What this task involves:
Could you repeat the entries below exactly, but only from the line with "如何在苹果手表上安全地使用比特币钱包？" through the line with "泰拉瑞亚手机版魔法竖琴厉害吗_泰拉瑞亚手机版魔法竖琴怎么获得", and without any picture?

------ Exercise inputs

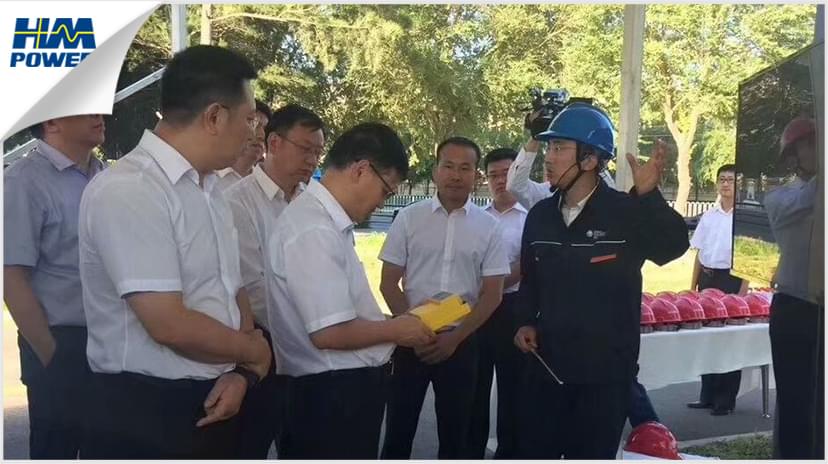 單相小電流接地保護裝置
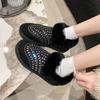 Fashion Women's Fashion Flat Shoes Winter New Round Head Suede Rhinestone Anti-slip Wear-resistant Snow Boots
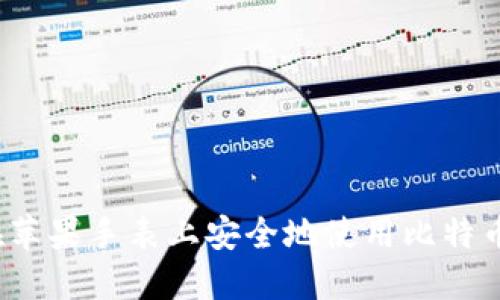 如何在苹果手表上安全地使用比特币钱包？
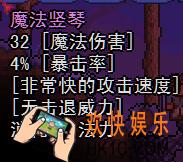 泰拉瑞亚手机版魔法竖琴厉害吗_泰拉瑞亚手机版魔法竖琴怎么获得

------------
------ Exercise inputs

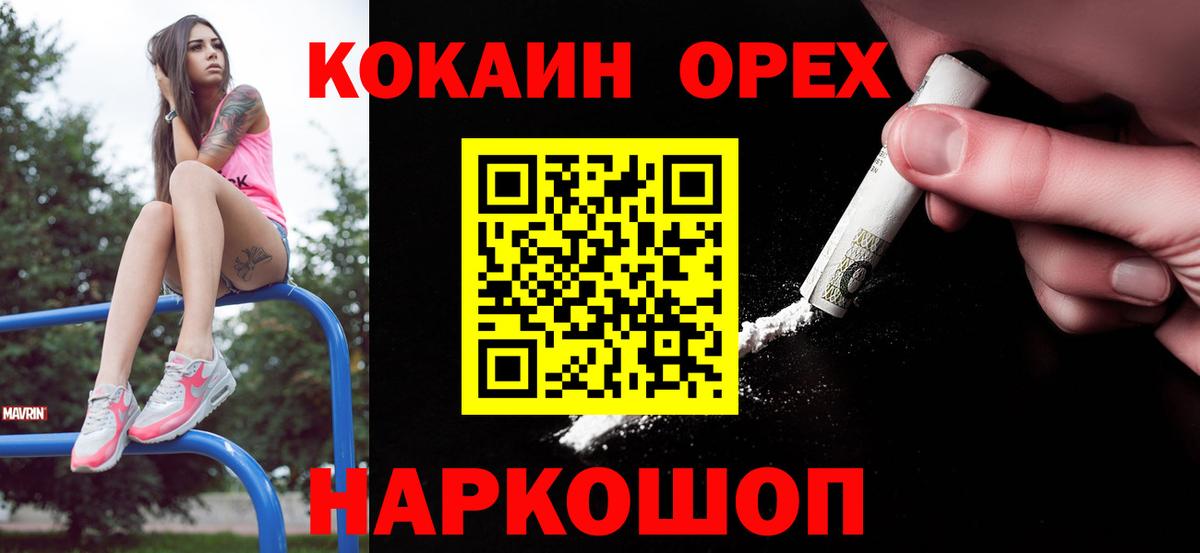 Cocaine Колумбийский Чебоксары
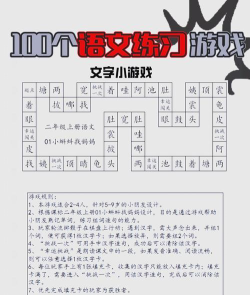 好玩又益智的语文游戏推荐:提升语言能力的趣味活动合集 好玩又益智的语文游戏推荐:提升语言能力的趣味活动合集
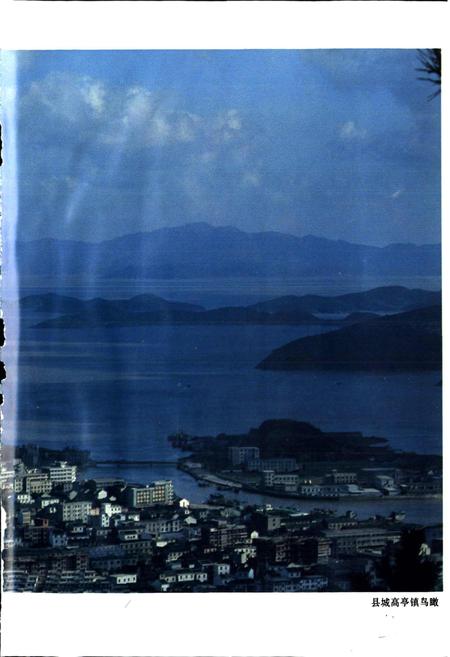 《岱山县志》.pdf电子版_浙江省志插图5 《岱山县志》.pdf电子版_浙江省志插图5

------------

Task solution:
 如何在苹果手表上安全地使用比特币钱包？
 泰拉瑞亚手机版魔法竖琴厉害吗_泰拉瑞亚手机版魔法竖琴怎么获得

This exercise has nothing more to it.